DATA EXTRACTS |

——————

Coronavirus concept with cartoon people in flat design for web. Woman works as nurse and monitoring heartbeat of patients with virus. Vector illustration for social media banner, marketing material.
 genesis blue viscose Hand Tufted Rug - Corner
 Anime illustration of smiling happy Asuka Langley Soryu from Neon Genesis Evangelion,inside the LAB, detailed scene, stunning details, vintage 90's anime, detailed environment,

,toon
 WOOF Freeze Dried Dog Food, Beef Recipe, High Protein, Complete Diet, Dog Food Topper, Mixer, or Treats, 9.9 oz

——————

YOUR TASK |
Once you reach the line containing "Anime illustration of", transcribe it and each line after it through the end of the material, exactly and with nothing added.

REPLY |
 Anime illustration of smiling happy Asuka Langley Soryu from Neon Genesis Evangelion,inside the LAB, detailed scene, stunning details, vintage 90's anime, detailed environment,

,toon
 WOOF Freeze Dried Dog Food, Beef Recipe, High Protein, Complete Diet, Dog Food Topper, Mixer, or Treats, 9.9 oz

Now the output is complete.